Can anyone help me find a merchant acct that doesnt charge a monthly fee. I need something that will charge transactions only.


----------



## DBclothing (Dec 11, 2009)

to my knowledge i dont know of any because they are gonna want their money whether you sell any shirts or not. im going to use big cartel. and they do have a freee option but i think its only for 3 products


----------



## Dennis Graves (Apr 27, 2009)

Have you looked at PayPal? It's the only one I know of.

Dennis Graves


----------



## splathead (Dec 4, 2005)

Kevin, Big Cartel is not a merchant account. They are a web host. Merchant account is the company actually processing your credit card payments.

Dennis is right, paypal is one. Google Checkout and Checkout By Amazon are others.


----------



## DBclothing (Dec 11, 2009)

oh my mistake. i just remember reading that when i signed up. must have been when i signed up for paypal.


----------



## FarmerLarry (Sep 11, 2009)

Big Cartel uses paypal for their transactions. 

Larry


----------



## streamland (Jan 20, 2007)

i remeber wanting to try google checkout but it was something i didnt like about it. How is amazon checkout??? Has anyone used it yet?


----------



## Austin300 (May 24, 2009)

Big Cartel has a 5 product free site and as stated 
they use Paypal. You can upgrade your initial 5 item
site easily to a paid Big Cartel site with up to 100 items.


Paypal does take a fee from the sale so there
is actually no "merchant account" that offers
any service for free but they aren't a monthly
bill with or without sales.


It all depends on how big you want to be or
if you want to start off small and work your
way up.

It all comes down to the almighty $$


----------



## blackshirts.com (Dec 11, 2009)

Good luck finding a processor that will not charge a fee, That's why they are on business.
I'm using Alavon for years and it works for my business.


----------



## streamland (Jan 20, 2007)

thanks... right now i found out chase only charges 10 a month so if i can get down that low or even lower than that its good. I dont mind you charging off of each order thats put in i am just trying to avoid the monthly fee for right now until i get more customers


----------



## Rodney (Nov 3, 2004)

I think the new service by one of the Twitter founders, SquareUp has no monthly fees and only charges per transaction fees: https://squareup.com/features


----------



## streamland (Jan 20, 2007)

look interesting... i see you can use it on iphone but i wonder if they have anything where you can post a link to your website?


----------



## streamland (Jan 20, 2007)

well from what i see i am not sure if it can be used across the web. Plus for some reason people can use it on their ipad without some dongle which seems kind of stupid. I have a itouch and they are suppose to release it on iphone/itouch real soon. I prob will wait to see how every things goes.


----------



## Rodney (Nov 3, 2004)

streamland said:


> look interesting... i see you can use it on iphone but i wonder if they have anything where you can post a link to your website?

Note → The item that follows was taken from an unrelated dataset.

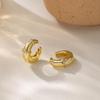 INS Style Bamboo Joint Zirconia C-Shaped Ear Cuff Earrings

From what I understand, it's for offline transactions only (where you actually have the card present).

I think there is just too much fraud possibilities with online transactions for merchant account providers to offer that service with no monthly fee. They would end up losing money.

By requiring the credit card (and person) be present when you process the transaction, it helps to avoid a LOT of the fraud possibilities, which allows the merchant account provider to possibly be more flexible with the fees.


----------



## streamland (Jan 20, 2007)

see i am trying to find out why with them i dont need a merchant acct but with everyone else i do. I guess its the type of gateway thats used? See paypal does something like this where they dont charge monthly payments and i am trying to find out is there a way to accept cc all together without using a merchant acct. I just need the money to come from a cc straight to my acct


----------



## Rodney (Nov 3, 2004)

> see i am trying to find out why with them i dont need a merchant acct but with everyone else i do


With SquareUp, SquareUp *is* the merchant account provider.

With other tools, they are just a tool that connects the tool with the merchant account provider you already have.

With SquareUp, it's both the tool and the merchant account service combined.


----------



## Viper Graphics (Mar 28, 2009)

Just my two cents....I use paypal but when I got my first government (military) sale I got bit when Paypal showed up on the billing (even though they said it wouldn't)....I ate that sale! I now use Intuit (Quicken) merchant account for those sales and have not had any problems since.


----------



## streamland (Jan 20, 2007)

do you have to pay a monthly fee?????


----------



## Viper Graphics (Mar 28, 2009)

Yea, but no contract and it's rates are reasonable, also considering they are reputable and I can make sales to government agencies that I couldn't using PayPal....pays for itself.


----------